== EXTRACTED ENTRIES
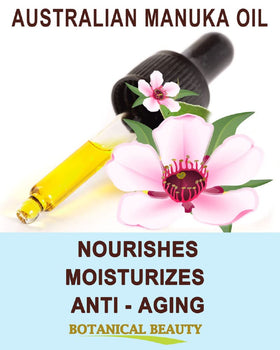 Botanical Beauty oil texture close-up highlighting smooth absorption benefit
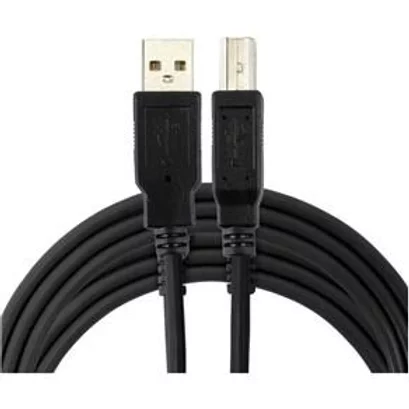 Cabo usb p/ impr 2.0 am x bm 5.0 X-CELL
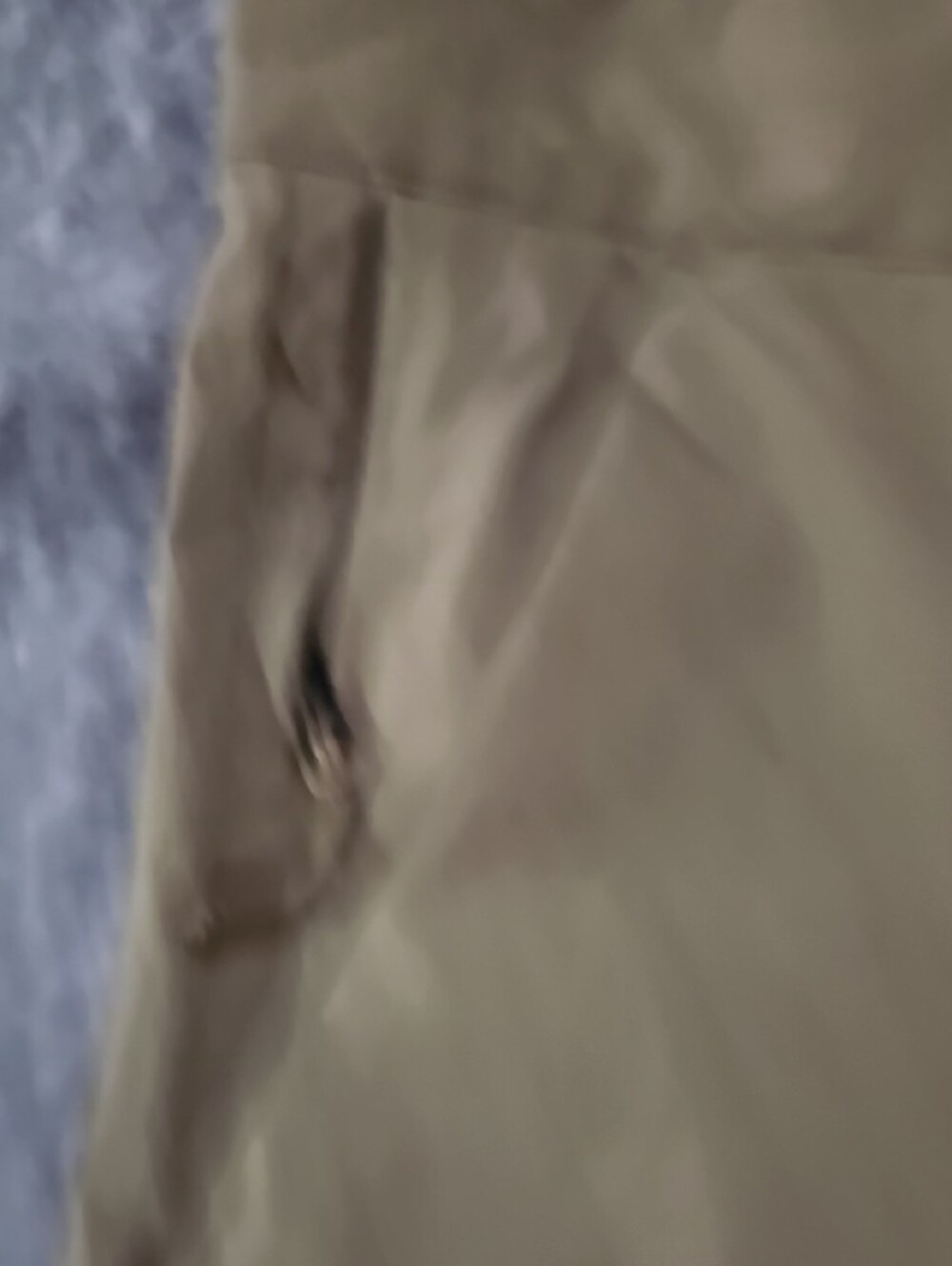 Marmot Men's Arch Rock Hiking Pants - Beige/Tan - Sz 34 Gorpcore Lightweight - Picture 5 of 13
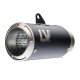 LV Corsa Black Slip-on YAMAHA MT-10/FZ-10/SP (16-20), MT-10/FZ-10/SP (22-23) LV Corsa Black Slip-on YAMAHA MT-10/FZ-10/SP (16-20), MT-10/FZ-10/SP (22-23)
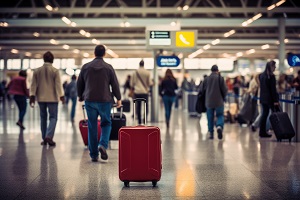 Movement of passengers at national airports stabilised - February 2025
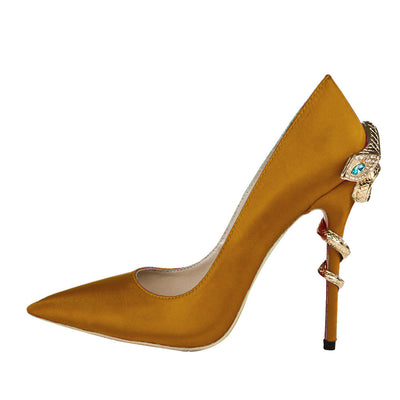 Tacones Altos Charol Ejecutivos para Commuting - Image 10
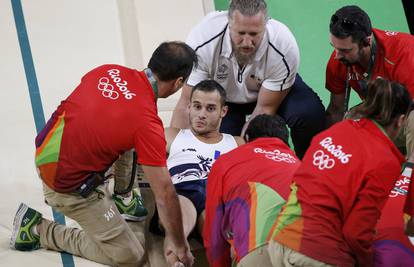 Uznemirujuće: Gimnastičar je krivo doskočio i slomio nogu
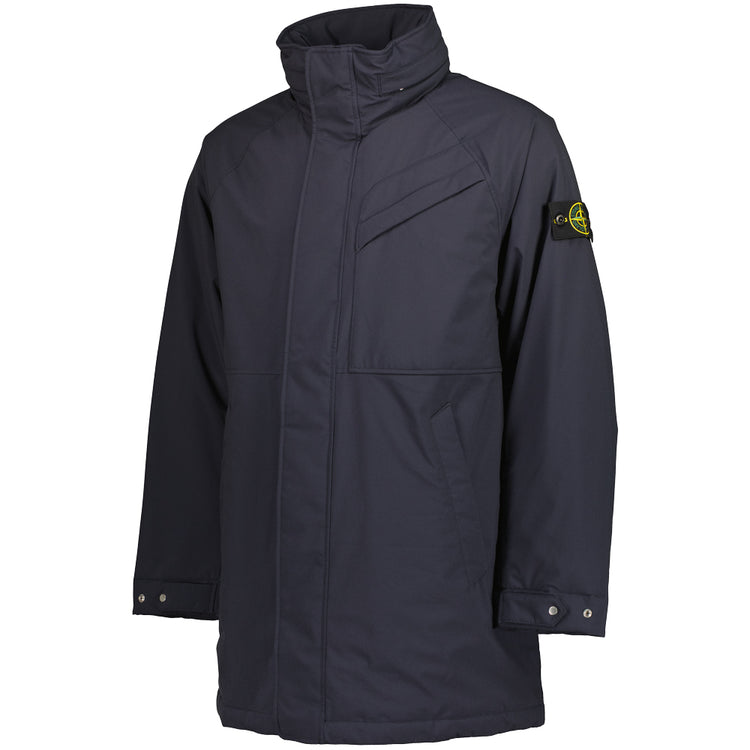 Padded Soft Shell-R_E DYE Long Jacket - Casual Basement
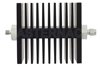 10 dB Fixed Attenuator, SMA Female To SMA Male Directional Black Anodized Aluminum Heatsink Body Rated To 50 Watts Up To 18 GHz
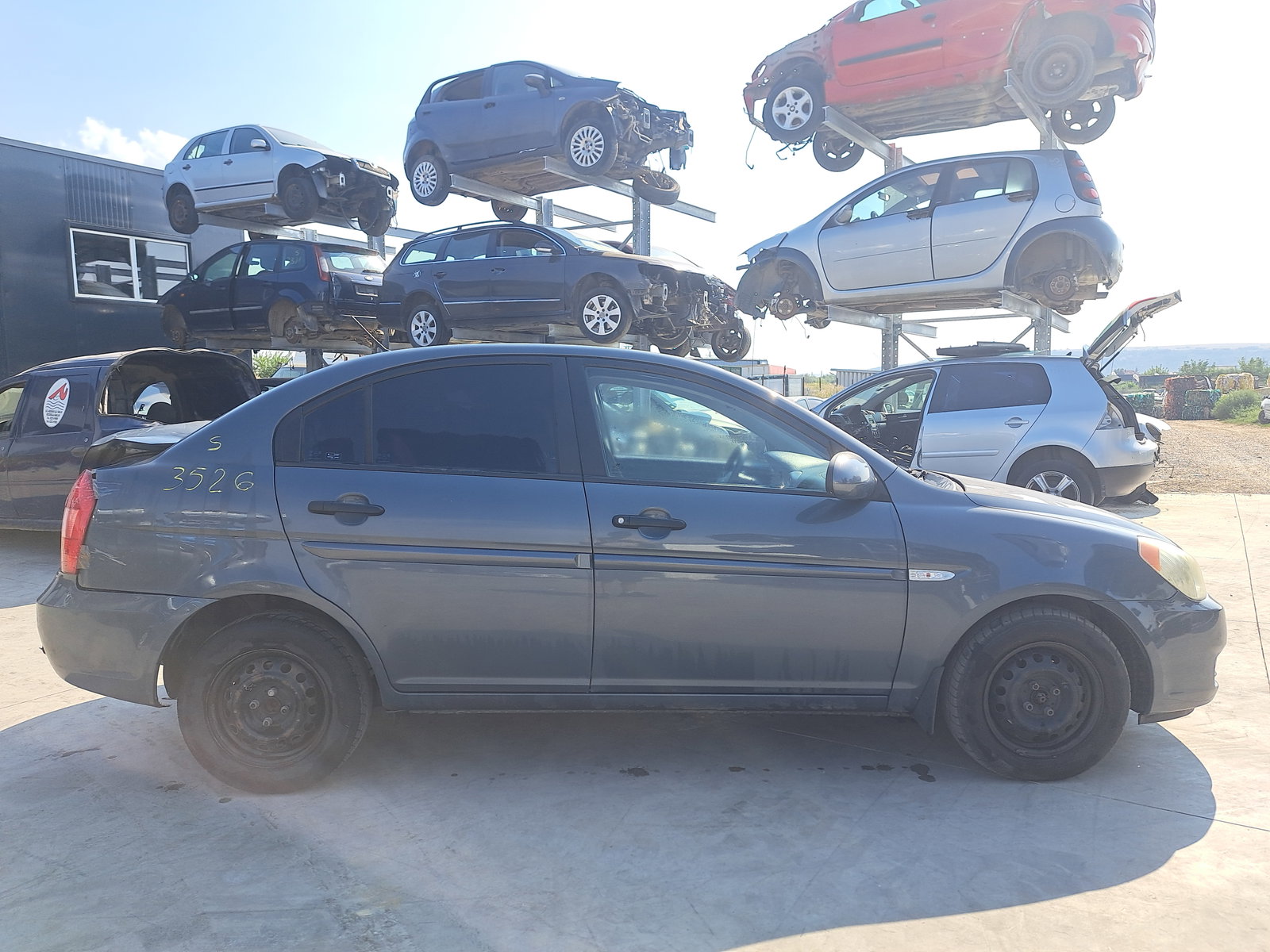 Hyundai Accent 3 (MC) [Fabr 2005-2008]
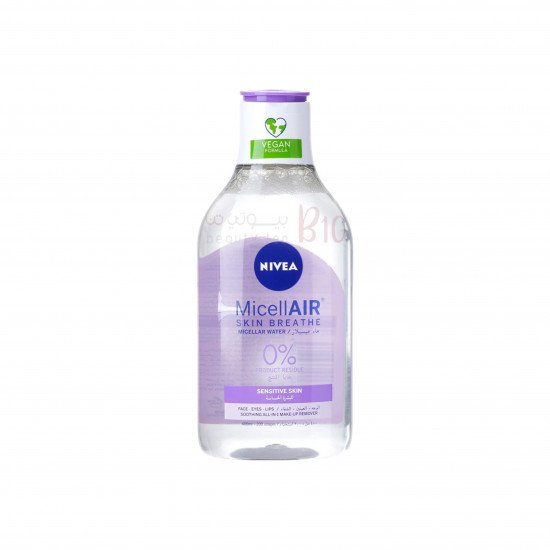 ماء ميسيلار مزيل مكياج من نيفيا 400مل ماء ميسيلار مزيل مكياج من نيفيا 400مل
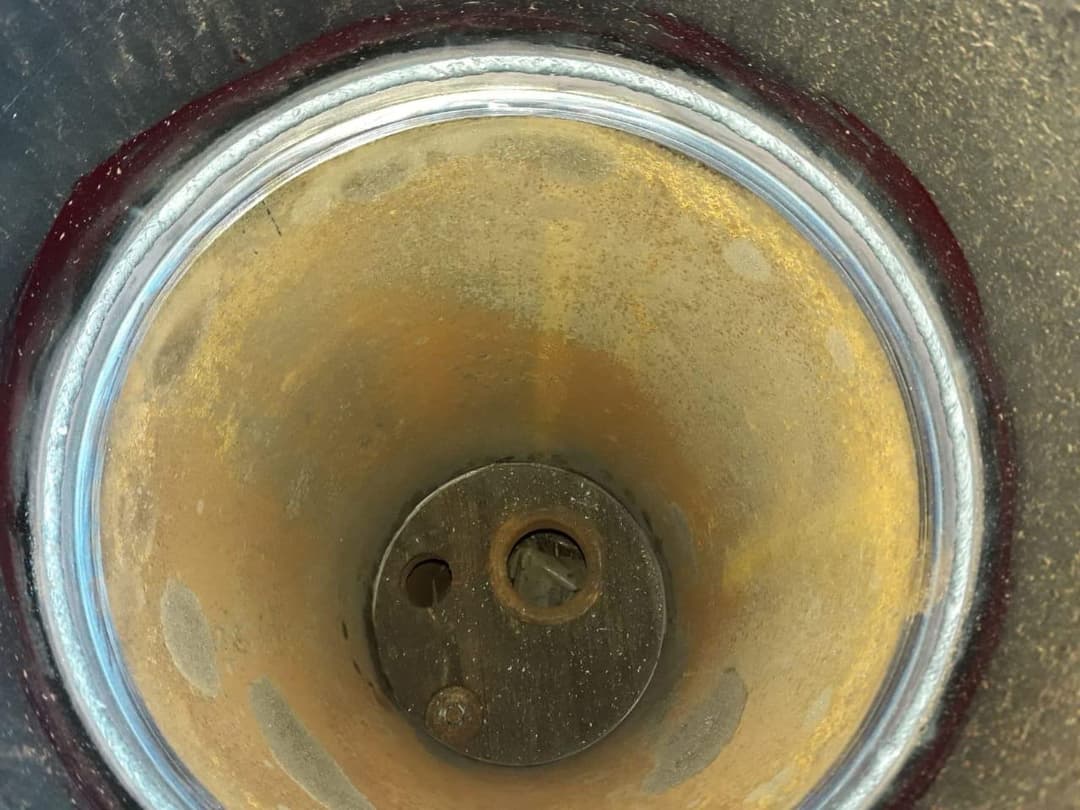 Serviços realizados na parte de pressão de caldeira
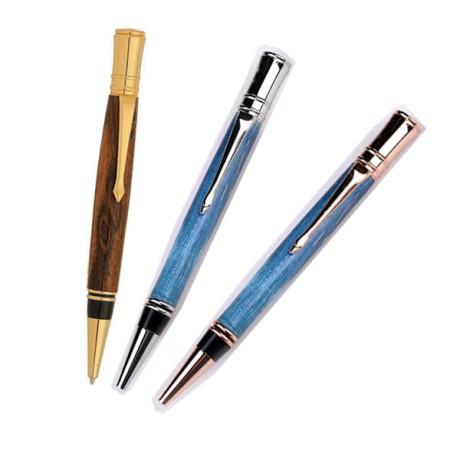 PKM-8 Twist Ballpoint Pen Kit - Gold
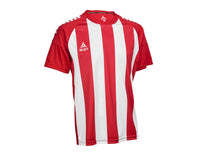 Hráčský dres Select Player shirt S/S Spain striped červeno bílá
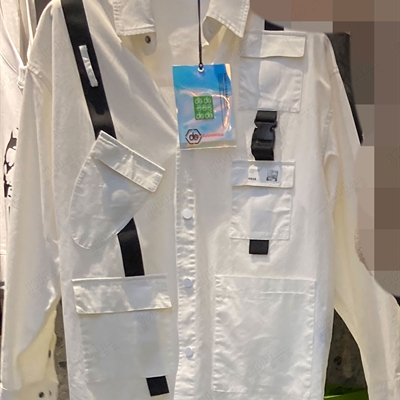 市场上装-衬衫-微潮衬衫【实拍】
====
▸ **WORK ORDER**: Repeat exactly, and only, the entries from the line with "Tacones Altos Charol" through the line with "ماء ميسيلار مزيل مكياج من نيفيا 400مل ماء". Pictures are skipped.

▸ **RESPONSE FOR THIS EXERCISE**:
 Tacones Altos Charol Ejecutivos para Commuting - Image 10
 Uznemirujuće: Gimnastičar je krivo doskočio i slomio nogu
 Padded Soft Shell-R_E DYE Long Jacket - Casual Basement
 10 dB Fixed Attenuator, SMA Female To SMA Male Directional Black Anodized Aluminum Heatsink Body Rated To 50 Watts Up To 18 GHz
 Hyundai Accent 3 (MC) [Fabr 2005-2008]
 ماء ميسيلار مزيل مكياج من نيفيا 400مل ماء ميسيلار مزيل مكياج من نيفيا 400مل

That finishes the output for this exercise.